Sometimes I strike gold while watching a film with my students. It happened last week when we saw the summer 2011 independent film A Better Life, directed by Chris Weitz.
It’s my academic and personal mission to bring challenging material into the classroom. In continuation school, the challenges already in situ can thwart even my best intentions. But if I can find a riveting story, one that the kids and I can lose ourselves in, one with cinematic integrity, then we are richindeed. A Better Life piqued our interest in a big way.
It’s the topical story of a laboring undocumented immigrant who is both mother and father to his 14-year-old son. As some students wrote, “The son is careless about what he does and disrespectful to his dad”; “He thinks he is ruthless, but he is a punk!”; and, “He’s stubborn, cocky, and isn’t thankful for what he has.” The son does skitter along the margins of gang culture, to the disapproval of my students. I heard them chuckle during exchanges where the speakers address each other as “fool,” or use “A’ight,” shorthand for “all right.” But many found the son’s disdain for his dad’s efforts insufferable and his consorting with gangsters unwise.

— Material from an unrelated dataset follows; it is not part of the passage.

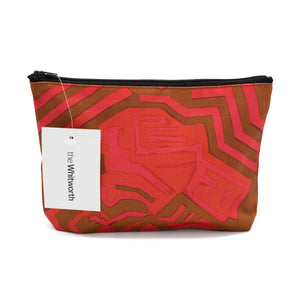 Cosmetics bag featuring a red and pink design by Shirley Craven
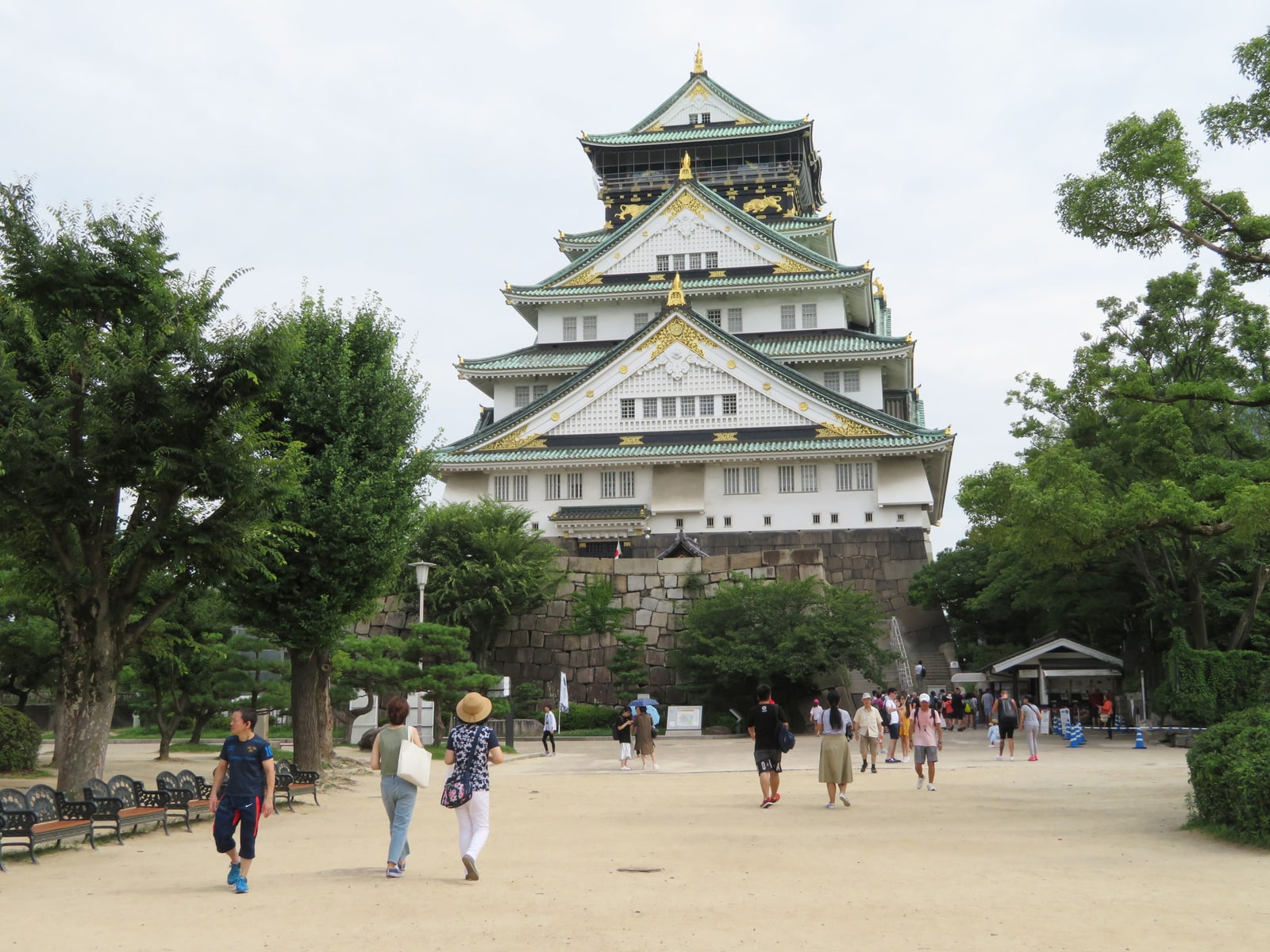 The main tower above a wide sandy square, a scattering of visitors walking toward it between tall trees.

The film is anchored by a majestic, understated performance by Mexican film star Demian Bichir. His suffering and stoicism elevate him from humility to nobility, if that’s possible. The students’ observations ranged from, “He doesn’t hit his kid,” to “He’s very noble,” to “He is the definition of a real man—he is humble, honest, eager for a better life.” Bichir’s monologue in the final minutes of the film is wrenching. One of the girls came to me afterward and said, “Miss, I’m glad the lights were off because I was crying so much.” I told her I was crying too, and we exchanged sad little smiles. But I am certain the father’s love for his son reached almost all of the students because they were deeply attentive, something I do not take for granted.
When we watch a film, I’m as active as I can be without becoming obnoxious. That is, I want the students to start to become mindful of color, detail, lighting, story links. The kids are already plot-line experts, more acute in that area than I am. In A Better Life, all of Los Angeles is a plot element. Students recognize settings, saying, “It’s very correct. Dead-on what East LA/Lincoln & Boyle Heights areas look like,” or, “I like how they don’t have to be in the middle of night for bad things to happen.” Or, “It seems very real because it could happen to any Mexican parent.” One girl nails it:”I think the film looks realistic in some ways for many of us.”
Patrick Goldstein wrote an article for the Los Angeles Times elaborating upon the film’s power. He makes an eloquent argument for a Best Actor nomination for Demian Bichir. I’m with him on that one. So are my students. Rent this film and see what you think.